** Stored dataset items **
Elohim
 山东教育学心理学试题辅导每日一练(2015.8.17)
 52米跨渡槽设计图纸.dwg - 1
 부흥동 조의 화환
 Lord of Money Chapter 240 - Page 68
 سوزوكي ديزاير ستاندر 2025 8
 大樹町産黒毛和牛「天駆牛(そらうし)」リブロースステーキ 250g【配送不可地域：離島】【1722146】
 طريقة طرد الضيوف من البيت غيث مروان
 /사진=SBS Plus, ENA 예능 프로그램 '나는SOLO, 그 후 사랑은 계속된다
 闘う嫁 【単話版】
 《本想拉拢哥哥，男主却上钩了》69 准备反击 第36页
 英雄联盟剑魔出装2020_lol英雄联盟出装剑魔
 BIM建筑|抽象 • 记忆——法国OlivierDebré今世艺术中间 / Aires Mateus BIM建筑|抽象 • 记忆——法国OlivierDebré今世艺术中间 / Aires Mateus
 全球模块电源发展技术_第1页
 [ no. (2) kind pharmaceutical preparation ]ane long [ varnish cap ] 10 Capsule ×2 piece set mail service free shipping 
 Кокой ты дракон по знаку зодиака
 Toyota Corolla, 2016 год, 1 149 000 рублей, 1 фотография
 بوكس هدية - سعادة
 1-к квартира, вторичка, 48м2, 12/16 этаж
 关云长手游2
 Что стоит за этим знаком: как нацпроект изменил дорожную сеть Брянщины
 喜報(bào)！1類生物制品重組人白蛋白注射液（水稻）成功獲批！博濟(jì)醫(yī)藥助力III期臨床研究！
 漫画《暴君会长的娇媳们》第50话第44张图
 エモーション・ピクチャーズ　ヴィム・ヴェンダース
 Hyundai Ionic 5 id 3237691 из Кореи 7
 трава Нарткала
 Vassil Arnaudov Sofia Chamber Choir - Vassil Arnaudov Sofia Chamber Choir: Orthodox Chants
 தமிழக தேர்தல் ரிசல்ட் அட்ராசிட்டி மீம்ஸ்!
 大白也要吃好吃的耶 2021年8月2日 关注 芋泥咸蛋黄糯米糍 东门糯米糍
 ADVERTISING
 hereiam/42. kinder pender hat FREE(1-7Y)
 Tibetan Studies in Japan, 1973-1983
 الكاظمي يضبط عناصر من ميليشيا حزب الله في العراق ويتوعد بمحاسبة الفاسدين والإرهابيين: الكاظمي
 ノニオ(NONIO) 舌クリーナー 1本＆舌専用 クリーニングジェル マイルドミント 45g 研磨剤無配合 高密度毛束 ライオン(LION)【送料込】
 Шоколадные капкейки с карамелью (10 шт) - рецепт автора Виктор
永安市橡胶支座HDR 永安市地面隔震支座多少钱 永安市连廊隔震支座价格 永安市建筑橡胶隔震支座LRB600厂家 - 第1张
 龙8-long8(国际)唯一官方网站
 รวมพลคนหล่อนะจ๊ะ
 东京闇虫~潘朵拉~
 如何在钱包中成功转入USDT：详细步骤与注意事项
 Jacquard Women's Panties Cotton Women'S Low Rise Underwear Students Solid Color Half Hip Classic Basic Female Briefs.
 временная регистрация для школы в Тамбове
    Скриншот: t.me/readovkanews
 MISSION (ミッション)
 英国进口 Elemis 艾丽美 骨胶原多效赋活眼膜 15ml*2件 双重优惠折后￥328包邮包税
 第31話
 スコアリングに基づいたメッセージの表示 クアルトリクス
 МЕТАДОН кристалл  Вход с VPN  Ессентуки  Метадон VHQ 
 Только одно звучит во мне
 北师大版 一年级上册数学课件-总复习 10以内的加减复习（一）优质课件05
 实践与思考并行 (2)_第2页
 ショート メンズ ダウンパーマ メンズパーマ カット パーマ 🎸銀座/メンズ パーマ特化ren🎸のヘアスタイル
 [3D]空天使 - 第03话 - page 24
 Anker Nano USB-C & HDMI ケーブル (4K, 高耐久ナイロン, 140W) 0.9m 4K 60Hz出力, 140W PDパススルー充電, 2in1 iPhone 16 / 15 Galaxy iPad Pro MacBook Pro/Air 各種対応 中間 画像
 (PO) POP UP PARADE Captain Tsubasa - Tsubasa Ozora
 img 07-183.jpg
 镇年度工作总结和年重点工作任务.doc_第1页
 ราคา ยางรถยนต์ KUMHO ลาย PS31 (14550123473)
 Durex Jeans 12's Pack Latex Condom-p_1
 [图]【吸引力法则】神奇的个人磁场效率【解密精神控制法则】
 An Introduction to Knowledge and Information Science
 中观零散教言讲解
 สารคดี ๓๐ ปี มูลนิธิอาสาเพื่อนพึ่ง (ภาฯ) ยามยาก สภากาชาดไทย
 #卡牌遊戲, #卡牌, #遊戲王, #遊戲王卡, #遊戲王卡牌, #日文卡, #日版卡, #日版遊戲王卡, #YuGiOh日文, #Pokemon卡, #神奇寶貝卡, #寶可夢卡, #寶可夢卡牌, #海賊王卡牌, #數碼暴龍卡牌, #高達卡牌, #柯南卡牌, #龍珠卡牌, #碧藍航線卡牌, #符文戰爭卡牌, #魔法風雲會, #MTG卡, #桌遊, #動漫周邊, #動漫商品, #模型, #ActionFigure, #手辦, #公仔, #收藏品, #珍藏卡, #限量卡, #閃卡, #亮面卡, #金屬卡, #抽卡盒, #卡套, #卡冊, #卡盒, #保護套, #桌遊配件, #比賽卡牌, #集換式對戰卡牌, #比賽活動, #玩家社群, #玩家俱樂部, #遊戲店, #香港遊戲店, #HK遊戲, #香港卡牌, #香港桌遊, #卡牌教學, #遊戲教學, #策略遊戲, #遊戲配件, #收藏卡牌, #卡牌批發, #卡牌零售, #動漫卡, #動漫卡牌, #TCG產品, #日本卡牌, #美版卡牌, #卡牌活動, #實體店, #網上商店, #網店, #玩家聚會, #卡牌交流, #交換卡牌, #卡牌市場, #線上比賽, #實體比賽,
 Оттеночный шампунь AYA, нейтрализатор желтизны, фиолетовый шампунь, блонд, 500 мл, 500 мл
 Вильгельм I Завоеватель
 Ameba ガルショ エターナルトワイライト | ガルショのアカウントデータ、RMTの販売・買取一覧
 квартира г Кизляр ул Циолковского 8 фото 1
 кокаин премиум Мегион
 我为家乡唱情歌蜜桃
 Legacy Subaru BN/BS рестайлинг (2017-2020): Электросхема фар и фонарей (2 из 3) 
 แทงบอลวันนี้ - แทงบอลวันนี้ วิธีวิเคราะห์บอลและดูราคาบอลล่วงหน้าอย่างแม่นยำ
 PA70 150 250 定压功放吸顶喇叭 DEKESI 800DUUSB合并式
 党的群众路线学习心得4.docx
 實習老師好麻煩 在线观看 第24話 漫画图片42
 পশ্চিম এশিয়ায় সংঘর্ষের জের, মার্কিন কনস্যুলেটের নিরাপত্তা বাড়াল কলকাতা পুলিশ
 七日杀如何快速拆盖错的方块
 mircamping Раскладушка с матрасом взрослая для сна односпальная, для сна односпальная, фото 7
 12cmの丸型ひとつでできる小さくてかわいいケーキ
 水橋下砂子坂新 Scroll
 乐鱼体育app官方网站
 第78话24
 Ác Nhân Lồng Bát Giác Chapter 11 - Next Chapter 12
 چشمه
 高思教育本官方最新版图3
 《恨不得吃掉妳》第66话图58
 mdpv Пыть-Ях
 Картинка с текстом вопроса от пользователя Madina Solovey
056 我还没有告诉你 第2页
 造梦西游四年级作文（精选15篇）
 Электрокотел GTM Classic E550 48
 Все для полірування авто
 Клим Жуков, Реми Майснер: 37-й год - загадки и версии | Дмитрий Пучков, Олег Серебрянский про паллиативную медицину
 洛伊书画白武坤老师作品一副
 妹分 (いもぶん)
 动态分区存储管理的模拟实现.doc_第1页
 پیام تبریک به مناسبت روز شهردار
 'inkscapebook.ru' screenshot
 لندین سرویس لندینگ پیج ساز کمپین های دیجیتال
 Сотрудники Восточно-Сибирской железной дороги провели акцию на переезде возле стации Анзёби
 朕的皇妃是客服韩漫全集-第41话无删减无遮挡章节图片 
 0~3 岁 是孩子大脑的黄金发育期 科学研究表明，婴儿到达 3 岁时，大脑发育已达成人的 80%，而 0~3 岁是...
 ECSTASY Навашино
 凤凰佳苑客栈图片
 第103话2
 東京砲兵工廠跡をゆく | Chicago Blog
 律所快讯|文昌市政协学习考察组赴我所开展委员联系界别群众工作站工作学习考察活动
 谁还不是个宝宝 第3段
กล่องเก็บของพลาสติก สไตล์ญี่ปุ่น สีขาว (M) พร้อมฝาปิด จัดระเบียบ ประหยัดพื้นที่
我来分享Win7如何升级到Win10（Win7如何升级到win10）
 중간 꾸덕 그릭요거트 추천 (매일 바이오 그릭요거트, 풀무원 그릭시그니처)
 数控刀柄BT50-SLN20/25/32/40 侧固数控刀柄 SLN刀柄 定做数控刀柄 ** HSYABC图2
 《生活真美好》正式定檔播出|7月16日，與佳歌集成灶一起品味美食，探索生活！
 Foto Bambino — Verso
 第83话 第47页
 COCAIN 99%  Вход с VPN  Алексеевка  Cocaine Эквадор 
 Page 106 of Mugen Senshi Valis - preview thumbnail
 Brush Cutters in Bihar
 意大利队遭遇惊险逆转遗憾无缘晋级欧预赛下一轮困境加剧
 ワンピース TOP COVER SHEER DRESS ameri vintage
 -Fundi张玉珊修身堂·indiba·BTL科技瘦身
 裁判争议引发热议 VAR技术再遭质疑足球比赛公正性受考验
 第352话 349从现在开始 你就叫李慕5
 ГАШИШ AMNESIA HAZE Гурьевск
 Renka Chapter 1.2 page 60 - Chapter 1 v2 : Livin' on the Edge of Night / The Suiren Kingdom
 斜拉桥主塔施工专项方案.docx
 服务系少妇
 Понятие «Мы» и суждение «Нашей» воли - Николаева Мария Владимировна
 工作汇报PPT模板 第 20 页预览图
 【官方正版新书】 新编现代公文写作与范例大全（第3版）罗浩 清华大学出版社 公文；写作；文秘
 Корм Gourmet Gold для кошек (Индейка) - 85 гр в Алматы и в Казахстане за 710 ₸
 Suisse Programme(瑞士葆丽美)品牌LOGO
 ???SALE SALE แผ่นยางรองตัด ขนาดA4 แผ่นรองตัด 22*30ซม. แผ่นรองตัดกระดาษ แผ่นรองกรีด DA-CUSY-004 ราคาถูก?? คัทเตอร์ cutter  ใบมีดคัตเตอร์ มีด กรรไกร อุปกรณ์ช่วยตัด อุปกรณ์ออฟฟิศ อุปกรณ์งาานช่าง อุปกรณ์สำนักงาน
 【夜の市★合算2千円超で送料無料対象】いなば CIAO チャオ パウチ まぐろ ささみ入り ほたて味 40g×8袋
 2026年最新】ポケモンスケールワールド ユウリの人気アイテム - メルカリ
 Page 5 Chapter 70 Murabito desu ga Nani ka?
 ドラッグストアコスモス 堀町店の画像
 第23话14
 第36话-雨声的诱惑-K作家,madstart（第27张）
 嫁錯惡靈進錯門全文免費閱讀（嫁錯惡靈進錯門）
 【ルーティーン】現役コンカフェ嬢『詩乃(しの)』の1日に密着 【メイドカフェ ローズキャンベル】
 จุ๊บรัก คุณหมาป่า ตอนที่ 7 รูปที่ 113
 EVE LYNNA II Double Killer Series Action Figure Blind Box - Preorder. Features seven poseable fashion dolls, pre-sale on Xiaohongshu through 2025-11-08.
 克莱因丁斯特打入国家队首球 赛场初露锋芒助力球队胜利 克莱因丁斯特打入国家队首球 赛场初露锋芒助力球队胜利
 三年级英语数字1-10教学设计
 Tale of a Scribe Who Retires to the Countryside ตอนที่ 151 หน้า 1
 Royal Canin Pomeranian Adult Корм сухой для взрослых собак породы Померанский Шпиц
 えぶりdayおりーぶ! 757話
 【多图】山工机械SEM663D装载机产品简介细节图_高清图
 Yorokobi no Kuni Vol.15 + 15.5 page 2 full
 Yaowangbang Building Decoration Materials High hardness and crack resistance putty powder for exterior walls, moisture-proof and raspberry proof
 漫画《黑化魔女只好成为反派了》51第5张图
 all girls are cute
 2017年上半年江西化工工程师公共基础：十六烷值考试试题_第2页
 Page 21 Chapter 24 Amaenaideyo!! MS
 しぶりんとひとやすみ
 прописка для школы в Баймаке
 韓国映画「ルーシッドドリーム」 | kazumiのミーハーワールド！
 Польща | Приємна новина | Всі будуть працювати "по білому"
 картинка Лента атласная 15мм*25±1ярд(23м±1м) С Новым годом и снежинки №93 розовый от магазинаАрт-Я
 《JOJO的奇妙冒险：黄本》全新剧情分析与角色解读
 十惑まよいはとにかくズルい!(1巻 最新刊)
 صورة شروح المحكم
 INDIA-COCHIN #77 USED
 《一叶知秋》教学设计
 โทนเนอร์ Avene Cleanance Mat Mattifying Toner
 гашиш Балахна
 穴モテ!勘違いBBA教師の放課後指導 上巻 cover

** Work required **
Give back the entries above exactly as they are, from their first line through the line that contains "全球模块电源发展技术_第1页", both included, with nothing else.

** Your response **
Elohim
 山东教育学心理学试题辅导每日一练(2015.8.17)
 52米跨渡槽设计图纸.dwg - 1
 부흥동 조의 화환
 Lord of Money Chapter 240 - Page 68
 سوزوكي ديزاير ستاندر 2025 8
 大樹町産黒毛和牛「天駆牛(そらうし)」リブロースステーキ 250g【配送不可地域：離島】【1722146】
 طريقة طرد الضيوف من البيت غيث مروان
 /사진=SBS Plus, ENA 예능 프로그램 '나는SOLO, 그 후 사랑은 계속된다
 闘う嫁 【単話版】
 《本想拉拢哥哥，男主却上钩了》69 准备反击 第36页
 英雄联盟剑魔出装2020_lol英雄联盟出装剑魔
 BIM建筑|抽象 • 记忆——法国OlivierDebré今世艺术中间 / Aires Mateus BIM建筑|抽象 • 记忆——法国OlivierDebré今世艺术中间 / Aires Mateus
 全球模块电源发展技术_第1页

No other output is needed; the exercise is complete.